CREATE TABLE IF NOT EXISTS a (
     i              INTEGER                    NOT NULL
);

INSERT INTO a(i) VALUES (0),(1);
CREATE TABLE IF NOT EXISTS b (
    i  INTEGER NOT NULL
);
INSERT INTO b(i) VALUES (0);

ALTER TABLE a ADD CONSTRAINT a_constr_1 CHECK (fail_if_b_empty());

Is there a way to disable (from the command line) all such constraints during dump restoration and enable them back again afterwards? I am running PostgreSQL 9.1.

Best Answer

So you look up other tables in a CHECK constraint.

CHECK constraints are supposed to run IMMUTABLE checks. What passes OK for a row at one time should pass OK at any time. That's how CHECK constraints are defined in the SQL standard. That's also the reason for this restriction in the manual:

Currently, CHECK expressions cannot contain subqueries nor refer to variables other than columns of the current row.

Still, expressions in CHECK constraints are allowed to use functions, even user-defined functions. Those should be IMMUTABLE, but Postgres does not currently enforce this. According to this related discussion on pgsql-hackers, one reason is to allow references to the current time, which is not IMMUTABLE by nature.

But you are looking up rows of another table, which is completely in violation of how CHECK constraints are supposed to work. I am not surprised that pg_dump fails to provide for this.

Move your check in another table to a trigger (which is the right tool), and it should work with modern versions of Postgres.

PostgreSQL 9.2 or later

While the above is true for any version of Postgres, several tools have been introduced with Postgres 9.2 to help with your situation:

pg_dump option --exclude-table-data

A simple solution would be to dump the db without data for the violating table with:

--exclude-table-data=my_schema.my_tbl

Then append just the data for this table at the end of the dump with:

--data-only --table=my_schema.my_tbl

But complications with other constraints on the same table might ensue. There is an even better solution:

Solution: NOT VALID

Up to Postgres 9.1, the NOT VALID modifier was only available for FK constraints. This was extended to CHECK constraints in Postgres 9.2. The manual:

If the constraint is marked NOT VALID, the potentially-lengthy initial check to verify that all rows in the table satisfy the constraint is skipped. The constraint will still be enforced against subsequent inserts or updates [...]
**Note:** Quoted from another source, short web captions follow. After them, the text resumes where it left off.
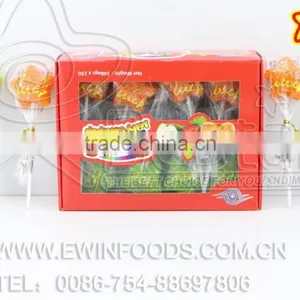 Lucky Star Carrageenan Waxberry Jelly Lollipop thumbnail-1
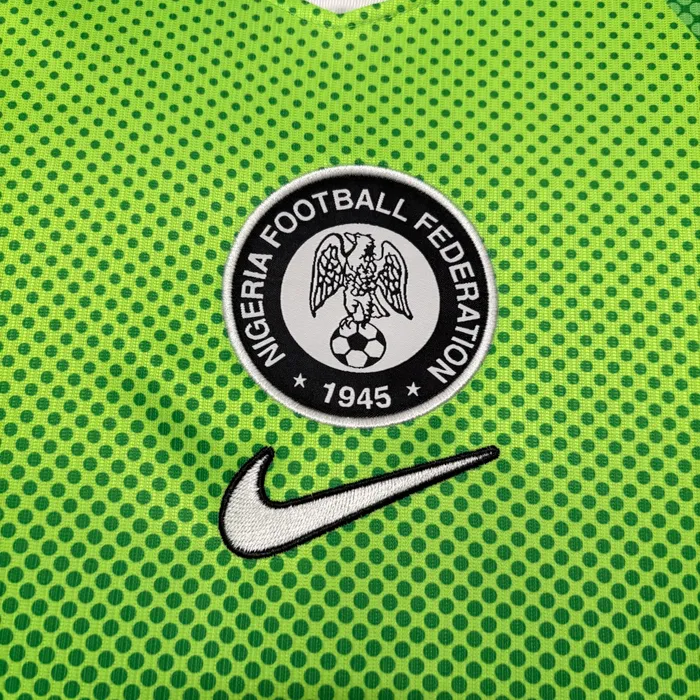 Camisa Nigéria I 2026/27, foto 2
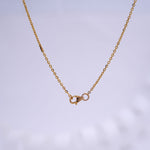 Load image into Gallery viewer, 9K Gold Necklace Caia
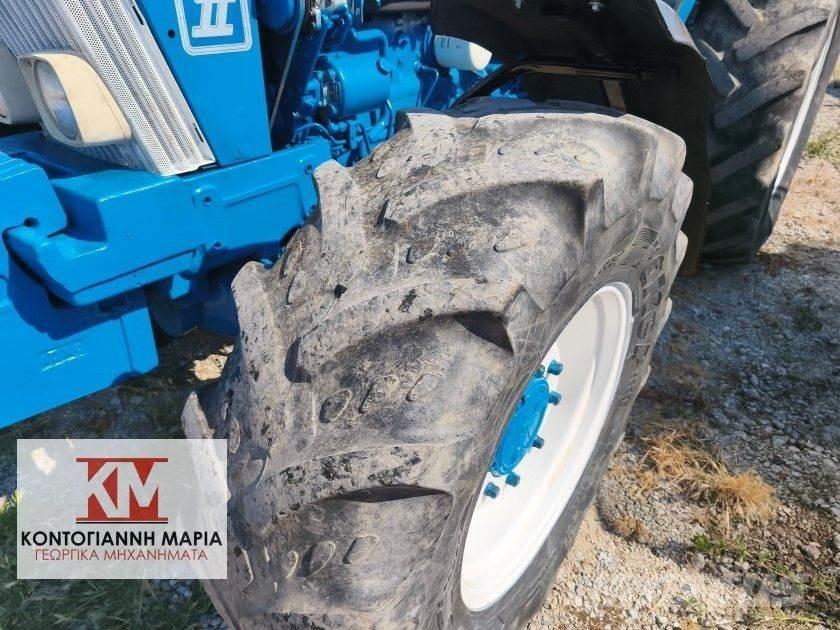 Ford 7810 Traktörler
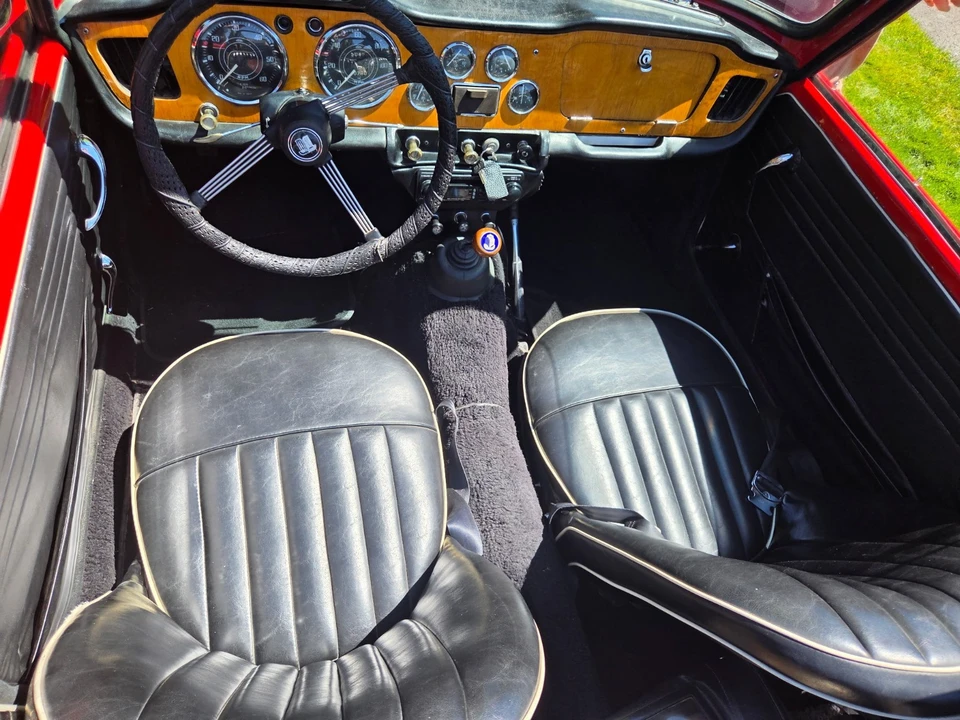 1963 Triumph - Image 5 of 6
A plain Postgres dump file consists of three "sections":

  • pre_data
  • data
  • post-data

Postgres 9.2 also introduced an option to dump sections separately with -- section=sectionname, but that's not helping with the problem at hand.

Here is where it gets interesting. The manual:

Post-data items include definitions of indexes, triggers, rules, and constraints other than validated check constraints. Pre-data items include all other data definition items.

Bold emphasis mine.
You can change the offending CHECK constraint to NOT VALID, which moves the constraint to the post-data section. Drop and recreate:

ALTER TABLE a
  DROP CONSTRAINT a_constr_1
, ADD  CONSTRAINT a_constr_1 CHECK (fail_if_b_empty()) NOT VALID;

A single statement is fastest and rules out race conditions with concurrent transactions. (Two commands in a single transaction would work, too.)

This should solve your problem. You can even leave the constraint in that state, since that better reflects what it actually does: check new rows, but give no guarantees for existing data. There is nothing wrong with a NOT VALID check constraint. If you prefer, you can validate it later:

ALTER TABLE a VALIDATE CONSTRAINT a_constr_1;

But then you are back to the status quo ante.